No, because steaming results in perfectly cooked boiled eggs that practically peel themselves. Steaming water never touches the eggs and the salt stays in the pot, so it has no effect.

The high heat from steaming, or cooking in the Instant Pot, causes the membrane around the egg to coagulate quickly so it doesn't stick to the shell.


----------



## Just Cooking (Jun 11, 2018)

GotGarlic said:


> No, because steaming results in perfectly cooked boiled eggs that practically peel themselves. Steaming water never touches the eggs and the salt stays in the pot, so it has no effect.
> 
> *The high heat from steaming, or cooking in the Instant Pot, causes the membrane around the egg to coagulate quickly so it doesn't stick to the shell.*


 Thank you GG.. I didn't know why it works so well.. I've just found it to be simple and quick, with great consistency..



Good to know..  
Ross


----------



## msmofet (Jun 11, 2018)

+3 for the Instant Pot.


----------



## Just Cooking (Jun 11, 2018)

Coincidence? 



This just popped up on my FB feed..


How To Hard-Boil Eggs in the Instant Pot  


Ross


----------



## Cooking Goddess (Jun 11, 2018)

Just Cooking said:


> Coincidence?
> 
> 
> 
> ...


More likely Google is looking over your shoulder. 

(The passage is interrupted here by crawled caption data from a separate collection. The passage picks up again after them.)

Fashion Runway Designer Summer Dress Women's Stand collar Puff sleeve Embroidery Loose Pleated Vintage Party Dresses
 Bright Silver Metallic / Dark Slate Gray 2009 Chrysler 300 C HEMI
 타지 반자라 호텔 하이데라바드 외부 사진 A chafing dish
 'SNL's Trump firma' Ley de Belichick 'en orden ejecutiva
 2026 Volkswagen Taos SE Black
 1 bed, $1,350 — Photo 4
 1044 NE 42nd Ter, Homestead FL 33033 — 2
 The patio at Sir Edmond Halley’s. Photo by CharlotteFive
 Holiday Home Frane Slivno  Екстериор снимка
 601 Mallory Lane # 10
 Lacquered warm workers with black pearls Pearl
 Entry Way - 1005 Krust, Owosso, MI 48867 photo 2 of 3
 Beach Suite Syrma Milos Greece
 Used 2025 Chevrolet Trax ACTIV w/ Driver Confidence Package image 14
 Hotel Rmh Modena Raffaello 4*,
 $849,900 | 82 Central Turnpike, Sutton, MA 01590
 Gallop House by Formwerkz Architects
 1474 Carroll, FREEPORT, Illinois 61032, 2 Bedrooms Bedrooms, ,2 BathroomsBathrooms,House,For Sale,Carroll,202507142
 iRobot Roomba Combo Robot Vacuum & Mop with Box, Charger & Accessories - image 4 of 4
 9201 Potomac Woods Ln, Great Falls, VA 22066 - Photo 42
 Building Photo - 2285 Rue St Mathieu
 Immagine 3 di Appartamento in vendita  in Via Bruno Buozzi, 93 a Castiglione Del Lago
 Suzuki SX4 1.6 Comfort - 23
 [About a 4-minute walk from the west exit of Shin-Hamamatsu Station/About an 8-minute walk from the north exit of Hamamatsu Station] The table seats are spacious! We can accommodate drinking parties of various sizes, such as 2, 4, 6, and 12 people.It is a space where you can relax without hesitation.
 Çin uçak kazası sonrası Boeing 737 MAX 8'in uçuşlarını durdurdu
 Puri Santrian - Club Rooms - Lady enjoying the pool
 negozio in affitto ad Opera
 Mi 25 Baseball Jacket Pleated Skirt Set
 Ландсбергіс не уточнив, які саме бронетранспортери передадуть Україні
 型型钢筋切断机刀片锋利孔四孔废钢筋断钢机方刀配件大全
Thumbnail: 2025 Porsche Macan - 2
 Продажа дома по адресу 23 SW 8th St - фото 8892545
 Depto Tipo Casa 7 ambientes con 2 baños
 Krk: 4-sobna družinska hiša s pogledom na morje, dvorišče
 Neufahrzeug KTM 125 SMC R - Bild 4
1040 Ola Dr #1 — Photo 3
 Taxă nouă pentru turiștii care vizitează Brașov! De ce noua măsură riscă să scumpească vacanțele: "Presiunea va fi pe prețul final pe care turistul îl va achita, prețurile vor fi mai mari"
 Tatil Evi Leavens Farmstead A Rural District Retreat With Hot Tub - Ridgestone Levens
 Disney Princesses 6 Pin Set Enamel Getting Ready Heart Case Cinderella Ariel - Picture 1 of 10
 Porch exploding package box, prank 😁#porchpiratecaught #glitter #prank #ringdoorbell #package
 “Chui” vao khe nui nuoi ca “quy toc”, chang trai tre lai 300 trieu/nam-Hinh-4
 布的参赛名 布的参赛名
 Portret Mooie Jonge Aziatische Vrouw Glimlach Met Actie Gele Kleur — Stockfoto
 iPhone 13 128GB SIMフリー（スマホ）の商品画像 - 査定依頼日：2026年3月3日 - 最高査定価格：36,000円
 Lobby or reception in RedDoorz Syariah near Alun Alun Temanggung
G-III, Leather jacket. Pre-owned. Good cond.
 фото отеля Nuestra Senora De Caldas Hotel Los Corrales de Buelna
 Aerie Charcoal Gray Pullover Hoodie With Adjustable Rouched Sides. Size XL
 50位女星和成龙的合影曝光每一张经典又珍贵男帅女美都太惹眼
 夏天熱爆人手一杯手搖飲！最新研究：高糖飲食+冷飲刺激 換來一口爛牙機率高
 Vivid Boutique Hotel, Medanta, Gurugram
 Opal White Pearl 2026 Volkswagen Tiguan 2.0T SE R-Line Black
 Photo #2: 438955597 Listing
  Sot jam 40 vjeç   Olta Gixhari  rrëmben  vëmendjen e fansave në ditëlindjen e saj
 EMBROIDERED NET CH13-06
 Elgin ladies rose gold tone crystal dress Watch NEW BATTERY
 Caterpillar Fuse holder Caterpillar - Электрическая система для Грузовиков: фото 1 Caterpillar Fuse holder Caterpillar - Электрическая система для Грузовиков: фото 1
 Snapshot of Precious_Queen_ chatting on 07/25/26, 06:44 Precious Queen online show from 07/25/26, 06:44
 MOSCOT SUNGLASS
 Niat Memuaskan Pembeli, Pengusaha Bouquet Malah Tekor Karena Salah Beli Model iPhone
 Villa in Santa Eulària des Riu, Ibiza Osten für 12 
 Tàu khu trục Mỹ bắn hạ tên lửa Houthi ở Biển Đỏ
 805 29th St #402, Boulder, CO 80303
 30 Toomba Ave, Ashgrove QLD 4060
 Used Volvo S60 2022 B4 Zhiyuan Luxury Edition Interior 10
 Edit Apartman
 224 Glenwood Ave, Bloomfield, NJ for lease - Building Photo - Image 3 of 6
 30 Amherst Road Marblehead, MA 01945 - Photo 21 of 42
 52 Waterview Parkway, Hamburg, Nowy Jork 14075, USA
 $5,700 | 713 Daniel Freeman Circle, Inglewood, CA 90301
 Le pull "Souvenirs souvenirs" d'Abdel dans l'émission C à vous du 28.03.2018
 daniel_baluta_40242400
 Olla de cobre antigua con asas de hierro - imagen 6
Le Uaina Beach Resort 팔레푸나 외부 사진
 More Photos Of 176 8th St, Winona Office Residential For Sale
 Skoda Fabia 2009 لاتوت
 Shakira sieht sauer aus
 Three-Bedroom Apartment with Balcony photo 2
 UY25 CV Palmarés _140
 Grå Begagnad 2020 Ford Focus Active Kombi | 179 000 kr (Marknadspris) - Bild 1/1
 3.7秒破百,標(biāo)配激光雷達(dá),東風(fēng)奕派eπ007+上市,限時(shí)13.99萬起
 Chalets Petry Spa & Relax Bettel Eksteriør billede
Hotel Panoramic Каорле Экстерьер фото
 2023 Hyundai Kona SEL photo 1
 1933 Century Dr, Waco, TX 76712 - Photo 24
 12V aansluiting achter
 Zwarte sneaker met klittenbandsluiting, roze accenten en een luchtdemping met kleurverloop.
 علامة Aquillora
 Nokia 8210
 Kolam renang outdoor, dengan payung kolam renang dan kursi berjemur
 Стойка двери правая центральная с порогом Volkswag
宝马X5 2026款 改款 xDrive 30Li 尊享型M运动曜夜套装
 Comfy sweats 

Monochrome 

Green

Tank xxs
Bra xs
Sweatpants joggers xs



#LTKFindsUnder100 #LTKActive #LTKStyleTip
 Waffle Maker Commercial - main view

We'll be watching something on TV, wonder something about what we're watching, and as soon as I start a Google search (s)he suggests *just the right link*. I take a call from a doctor with a particular specialty...and the next time I open the Tune-In radio app the ad is for alternates to colonoscopy.  Big Brother doesn't have to watch us - it  just needs to make friends with Google, Alexa, et al...


----------



## Just Cooking (Jun 11, 2018)

Cooking Goddess said:


> *More likely Google is looking over your shoulder. *
> 
> We'll be watching something on TV, wonder something about what we're watching, and as soon as I start a Google search (s)he suggests *just the right link*. I take a call from a doctor with a particular specialty...and the next time I open the Tune-In radio app the ad is for alternates to colonoscopy.  Big Brother doesn't have to watch us - it  just needs to make friends with Google, Alexa, et al...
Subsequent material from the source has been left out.